Discussion:
[RFC PATCH] Enable V32HI/V64QI const permutations
Jakub Jelinek
2014-10-03 14:39:08 UTC
Permalink
Hi!

Just to stress the new testcases some more, I've enabled the
vec_perm_const{32hi,64qi} patterns.
Got several ICEs in expand_vec_perm_broadcast_1,
on the final gcc_unreachable () in the function. That function
is only called if it couldn't be broadcasted in a single insn,
which I believe for TARGET_AVX512BW must be always possible.
Shall I look at this, or do you plan to address this in the near future?
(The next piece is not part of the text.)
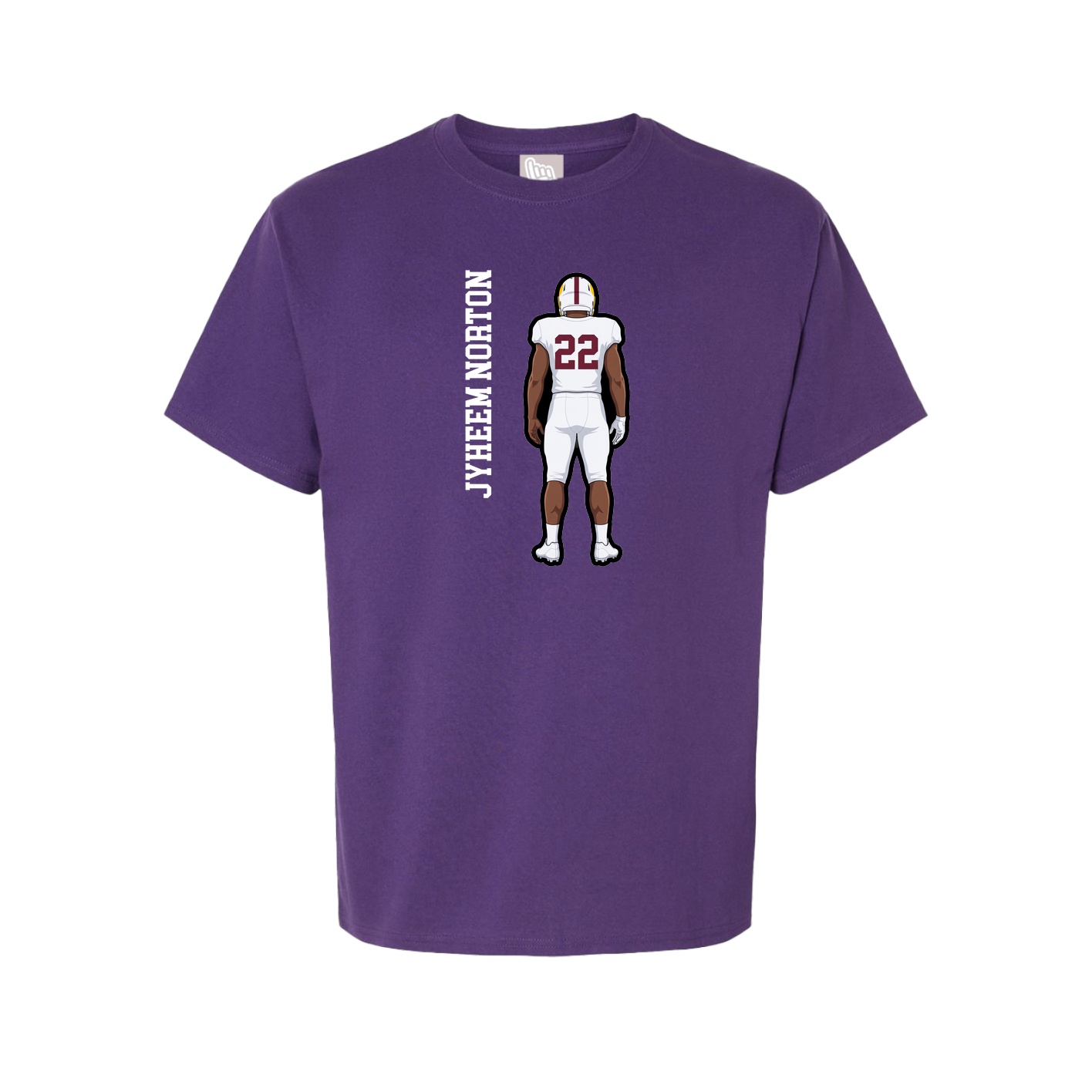 Tee — Name Vertical in Purple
2014-10-03 Jakub Jelinek <***@redhat.com>

* config/i386/sse.md (VEC_PERM_CONST): Add V32HI and V64QI
for TARGET_AVX512BW.

--- gcc/config/i386/sse.md.jj 2014-09-26 10:33:18.000000000 +0200
+++ gcc/config/i386/sse.md 2014-10-03 15:03:44.170446452 +0200
@@ -10386,7 +10386,8 @@ (define_mode_iterator VEC_PERM_CONST
(V8SI "TARGET_AVX") (V4DI "TARGET_AVX")
(V32QI "TARGET_AVX2") (V16HI "TARGET_AVX2")
(V16SI "TARGET_AVX512F") (V8DI "TARGET_AVX512F")
- (V16SF "TARGET_AVX512F") (V8DF "TARGET_AVX512F")])
+ (V16SF "TARGET_AVX512F") (V8DF "TARGET_AVX512F")
+ (V32HI "TARGET_AVX512BW") (V64QI "TARGET_AVX512BW")])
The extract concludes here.